Task prompt
Output exactly the lines from the line that has "ein Badezimmer mit" through the last line of the data below, with no pictures.

Provided material

========================

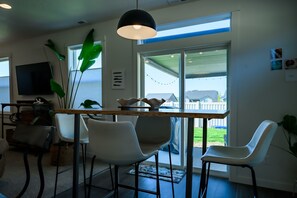 Een moderne keuken met een houten aanrecht, witte stoelen en een groot raam.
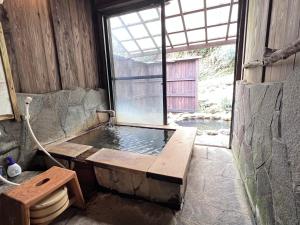 ein Badezimmer mit Badewanne und Fenster in der Unterkunft 阿蘇扇温泉 おおぎ荘 in Minamioguni + 39 Fotos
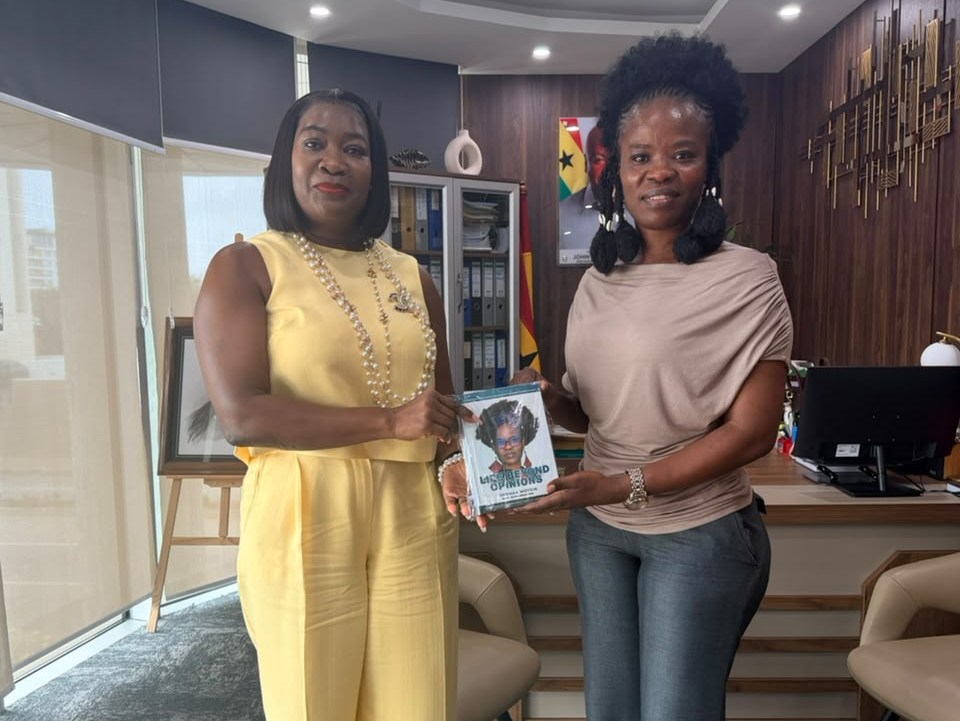 CEO of MIIF Justina Nelson Receives a Copy of Life Beyond Opinions from Author Ohemaa Woyeje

========================

Output for this exercise
 ein Badezimmer mit Badewanne und Fenster in der Unterkunft 阿蘇扇温泉 おおぎ荘 in Minamioguni + 39 Fotos
 CEO of MIIF Justina Nelson Receives a Copy of Life Beyond Opinions from Author Ohemaa Woyeje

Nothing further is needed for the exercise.